Stochastic parameterization identification using ensemble Kalman filtering combined with expectation-maximization and Newton-Raphson maximum likelihood methods

TL;DR

This paper introduces novel statistical learning methods combining ensemble Kalman filtering with EM and Newton-Raphson algorithms to accurately identify stochastic parameterizations in noisy, coarse-grained geophysical models, overcoming limitations of existing filters.

Contribution

It develops and demonstrates two new methods, EnKF-EM and EnKF-NR, for stochastic parameterization identification using a Bayesian approach, improving accuracy over traditional sequential estimation techniques.

Findings

Successfully identified stochastic parameters in Lorenz-96 models

Achieved good accuracy under moderate observational noise

Proved methods are promising for high-dimensional geophysical models

Abstract

For modelling geophysical systems, large-scale processes are described through a set of coarse-grained dynamical equations while small-scale processes are represented via parameterizations. This work proposes a method for identifying the best possible stochastic parameterization from noisy data. State-the-art sequential estimation methods such as Kalman and particle filters do not achieve this goal succesfully because both suffer from the collapse of the parameter posterior distribution.
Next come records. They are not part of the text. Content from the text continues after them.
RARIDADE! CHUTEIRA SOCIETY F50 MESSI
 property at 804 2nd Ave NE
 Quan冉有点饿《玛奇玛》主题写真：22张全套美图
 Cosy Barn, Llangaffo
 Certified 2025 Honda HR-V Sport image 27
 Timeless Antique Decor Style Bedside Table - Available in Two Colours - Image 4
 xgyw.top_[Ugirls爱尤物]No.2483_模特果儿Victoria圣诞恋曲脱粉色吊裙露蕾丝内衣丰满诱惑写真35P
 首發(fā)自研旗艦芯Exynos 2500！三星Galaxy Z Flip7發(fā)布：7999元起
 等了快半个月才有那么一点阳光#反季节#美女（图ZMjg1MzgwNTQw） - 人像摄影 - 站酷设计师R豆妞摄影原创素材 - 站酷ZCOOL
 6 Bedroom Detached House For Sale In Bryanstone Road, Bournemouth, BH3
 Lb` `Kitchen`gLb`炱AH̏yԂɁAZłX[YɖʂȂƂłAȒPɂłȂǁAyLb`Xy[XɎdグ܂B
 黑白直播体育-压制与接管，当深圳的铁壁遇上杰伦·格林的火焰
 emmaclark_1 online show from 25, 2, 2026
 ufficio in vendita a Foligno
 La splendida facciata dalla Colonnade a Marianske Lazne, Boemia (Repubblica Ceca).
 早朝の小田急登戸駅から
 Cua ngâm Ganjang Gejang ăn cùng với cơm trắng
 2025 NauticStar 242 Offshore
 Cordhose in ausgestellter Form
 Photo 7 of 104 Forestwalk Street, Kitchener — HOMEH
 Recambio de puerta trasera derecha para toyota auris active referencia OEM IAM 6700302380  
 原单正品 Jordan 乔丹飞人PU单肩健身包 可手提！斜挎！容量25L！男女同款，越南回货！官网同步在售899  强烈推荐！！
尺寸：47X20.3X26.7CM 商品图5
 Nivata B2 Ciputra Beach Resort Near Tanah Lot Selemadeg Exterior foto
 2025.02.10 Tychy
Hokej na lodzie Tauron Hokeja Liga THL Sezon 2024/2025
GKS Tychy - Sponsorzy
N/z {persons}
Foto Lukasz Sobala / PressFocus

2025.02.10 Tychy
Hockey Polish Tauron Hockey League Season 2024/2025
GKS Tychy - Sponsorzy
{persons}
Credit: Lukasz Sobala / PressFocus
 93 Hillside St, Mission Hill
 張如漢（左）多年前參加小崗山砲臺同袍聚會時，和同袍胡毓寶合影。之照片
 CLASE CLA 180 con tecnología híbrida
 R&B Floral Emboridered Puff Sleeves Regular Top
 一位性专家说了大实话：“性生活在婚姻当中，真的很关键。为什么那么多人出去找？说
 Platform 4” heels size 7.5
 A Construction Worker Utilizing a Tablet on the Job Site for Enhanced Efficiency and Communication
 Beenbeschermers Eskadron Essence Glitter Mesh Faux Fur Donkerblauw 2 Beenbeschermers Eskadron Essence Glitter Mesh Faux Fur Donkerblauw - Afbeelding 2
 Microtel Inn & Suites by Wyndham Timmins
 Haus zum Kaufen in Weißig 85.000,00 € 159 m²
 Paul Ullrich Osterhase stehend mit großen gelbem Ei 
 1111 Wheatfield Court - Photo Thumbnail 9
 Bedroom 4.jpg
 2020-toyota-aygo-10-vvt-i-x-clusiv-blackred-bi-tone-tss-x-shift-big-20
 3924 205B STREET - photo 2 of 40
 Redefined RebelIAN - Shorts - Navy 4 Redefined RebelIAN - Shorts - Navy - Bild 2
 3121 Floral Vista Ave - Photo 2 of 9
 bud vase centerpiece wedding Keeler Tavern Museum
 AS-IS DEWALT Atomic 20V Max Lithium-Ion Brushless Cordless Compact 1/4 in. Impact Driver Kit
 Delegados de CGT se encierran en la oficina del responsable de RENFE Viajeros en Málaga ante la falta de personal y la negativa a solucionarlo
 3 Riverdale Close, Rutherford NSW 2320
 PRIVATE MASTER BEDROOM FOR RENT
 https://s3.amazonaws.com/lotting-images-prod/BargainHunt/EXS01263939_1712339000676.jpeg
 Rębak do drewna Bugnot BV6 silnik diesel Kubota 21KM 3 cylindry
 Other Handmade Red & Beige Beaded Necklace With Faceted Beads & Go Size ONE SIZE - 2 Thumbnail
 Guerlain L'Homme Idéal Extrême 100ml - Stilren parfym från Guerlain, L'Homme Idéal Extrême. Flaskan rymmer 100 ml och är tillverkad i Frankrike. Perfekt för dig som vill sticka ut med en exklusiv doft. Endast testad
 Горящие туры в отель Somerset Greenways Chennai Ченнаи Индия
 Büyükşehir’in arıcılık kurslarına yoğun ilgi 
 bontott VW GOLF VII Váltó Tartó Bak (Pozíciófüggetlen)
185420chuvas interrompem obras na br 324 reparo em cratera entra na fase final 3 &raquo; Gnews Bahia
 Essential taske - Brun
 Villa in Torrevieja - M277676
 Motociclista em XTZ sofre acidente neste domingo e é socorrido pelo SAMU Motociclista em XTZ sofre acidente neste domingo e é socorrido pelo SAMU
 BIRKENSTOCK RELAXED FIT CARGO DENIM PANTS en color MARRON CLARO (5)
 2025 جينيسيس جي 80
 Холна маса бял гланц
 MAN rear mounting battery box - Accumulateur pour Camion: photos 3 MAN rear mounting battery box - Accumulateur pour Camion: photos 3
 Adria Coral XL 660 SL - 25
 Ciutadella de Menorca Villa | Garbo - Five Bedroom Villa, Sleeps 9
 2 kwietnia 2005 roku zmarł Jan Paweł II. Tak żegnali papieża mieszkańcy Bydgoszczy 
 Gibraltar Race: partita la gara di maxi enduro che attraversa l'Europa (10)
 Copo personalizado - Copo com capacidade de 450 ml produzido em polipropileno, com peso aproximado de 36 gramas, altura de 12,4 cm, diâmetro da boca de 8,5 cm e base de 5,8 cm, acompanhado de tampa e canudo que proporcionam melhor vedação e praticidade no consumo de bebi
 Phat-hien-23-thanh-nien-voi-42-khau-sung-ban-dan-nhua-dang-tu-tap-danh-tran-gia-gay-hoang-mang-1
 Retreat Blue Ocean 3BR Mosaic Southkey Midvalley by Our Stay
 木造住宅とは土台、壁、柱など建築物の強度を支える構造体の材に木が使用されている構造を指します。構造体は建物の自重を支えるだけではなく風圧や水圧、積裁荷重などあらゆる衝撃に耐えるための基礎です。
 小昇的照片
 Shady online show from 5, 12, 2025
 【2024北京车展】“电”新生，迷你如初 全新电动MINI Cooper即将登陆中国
To overcome this intrinsic limitation, we propose two statistical learning methods. They are based on the combination of two methodologies: the maximization of the likelihood via Expectation-Maximization (EM) and Newton-Raphson (NR) algorithms which are mainly applied in the statistic and machine learning communities, and the ensemble Kalman filter (EnKF). The methods are derived using a Bayesian approach for a hidden Markov model. They are applied to infer deterministic and stochastic physical parameters from noisy observations in coarse-grained dynamical models. Numerical experiments are conducted using the Lorenz-96 dynamical system with one and two scales as a proof-of-concept. The imperfect coarse-grained model is modelled through a one-scale Lorenz-96 system in which a stochastic parameterization is incorpored to represent the small-scale dynamics. The algorithms are able to identify an optimal stochastic parameterization with a good accuracy under moderate observational noise. The proposed EnKF-EM and EnKF-NR are promising statistical learning methods for developing stochastic parameterizations in high-dimensional geophysical models.